## RECORDS FOR THIS EXERCISE:
* * * * * * * * *

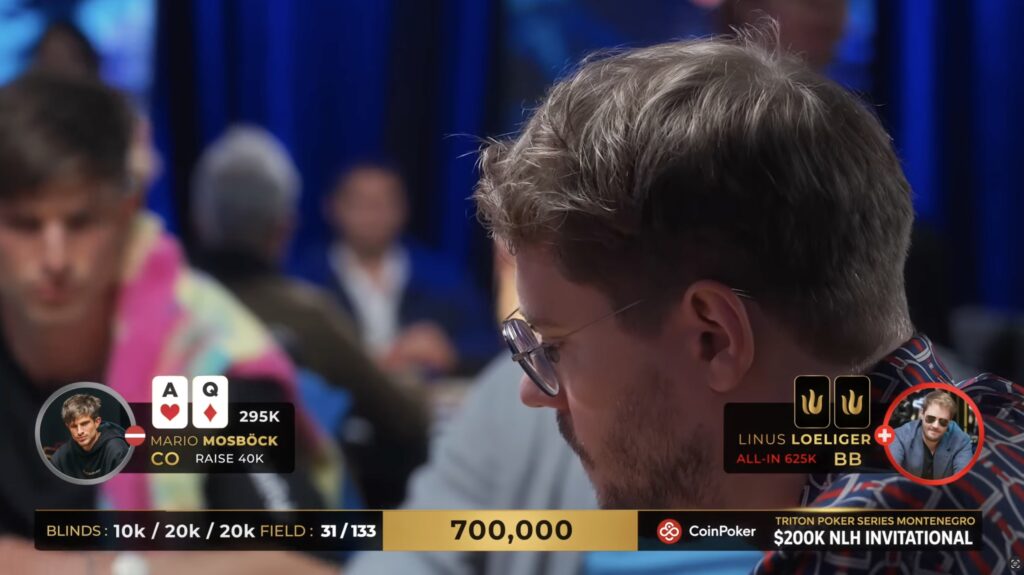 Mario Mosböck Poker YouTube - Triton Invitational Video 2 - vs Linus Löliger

* * * * * * * * *

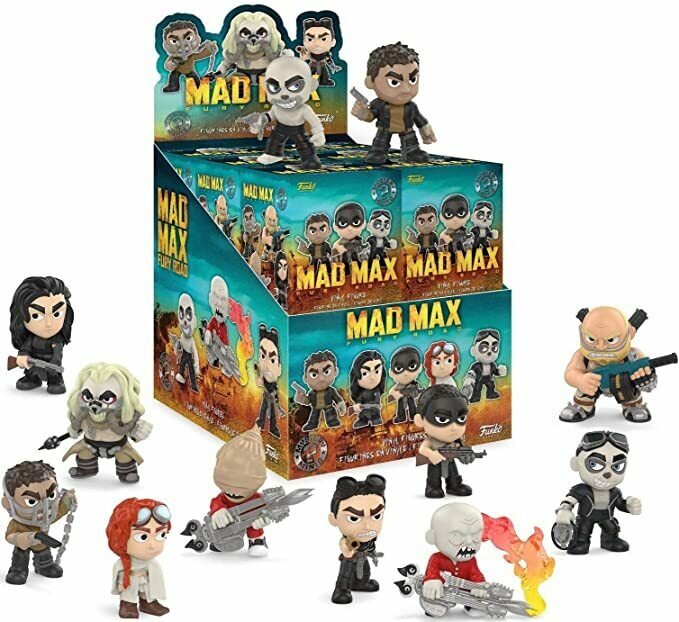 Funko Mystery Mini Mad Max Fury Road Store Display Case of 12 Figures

* * * * * * * * *

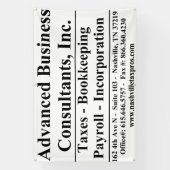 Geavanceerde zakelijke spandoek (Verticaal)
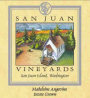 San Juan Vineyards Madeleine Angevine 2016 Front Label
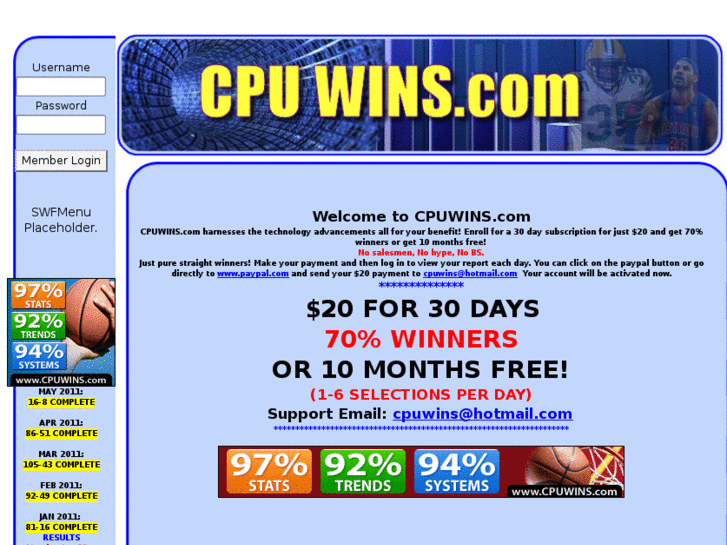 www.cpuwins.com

* * * * * * * * *

## TASK DETAILS:
Return, exactly as they stand, the lines above from the one with "Geavanceerde zakelijke spandoek (Verticaal)" to the one with "www.cpuwins.com", omitting any pictures among them.

## REPLY:
 Geavanceerde zakelijke spandoek (Verticaal)
 San Juan Vineyards Madeleine Angevine 2016 Front Label
 www.cpuwins.com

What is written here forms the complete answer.